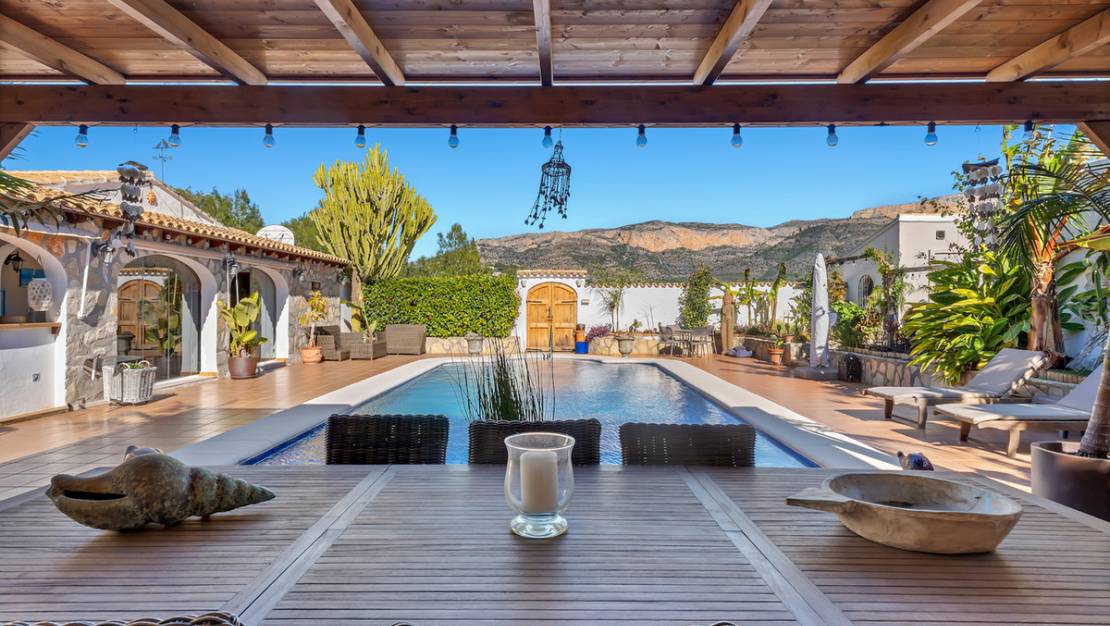 Venta - Country House - Denia - Jesus Pobre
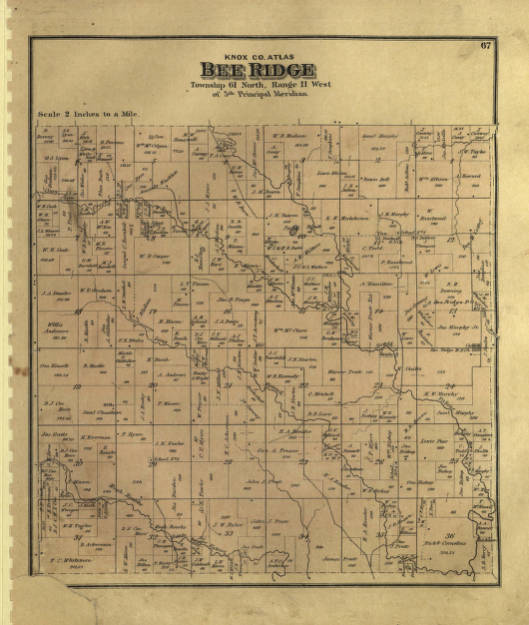 Knox County Indiana Plat Map Get Latest Map Update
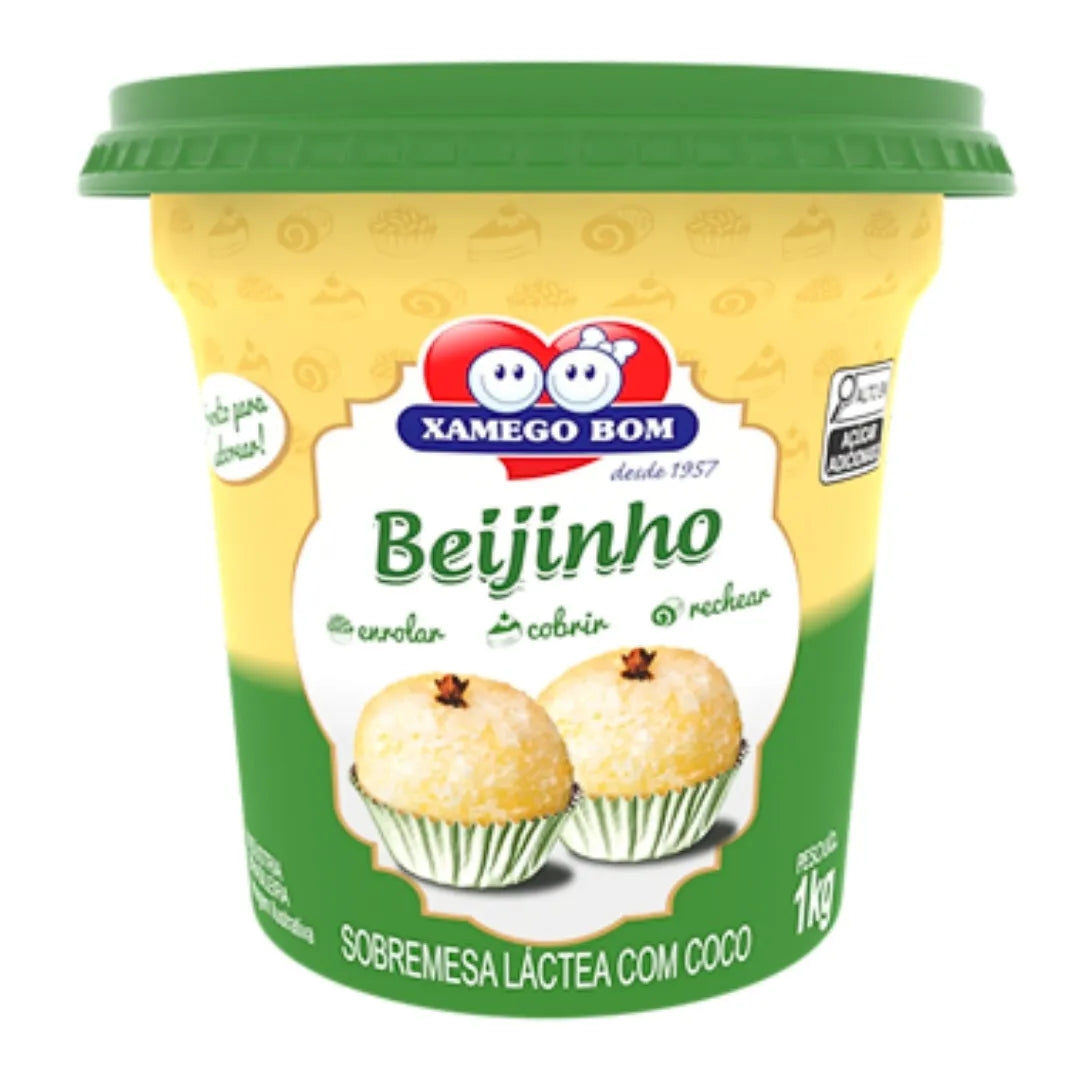 Xamego Beijinho 400g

* _What you have to do_
An exact, word-for-word version of the material is required, free of pictures.

* _Response box_
 Venta - Country House - Denia - Jesus Pobre
 Knox County Indiana Plat Map Get Latest Map Update
 Xamego Beijinho 400g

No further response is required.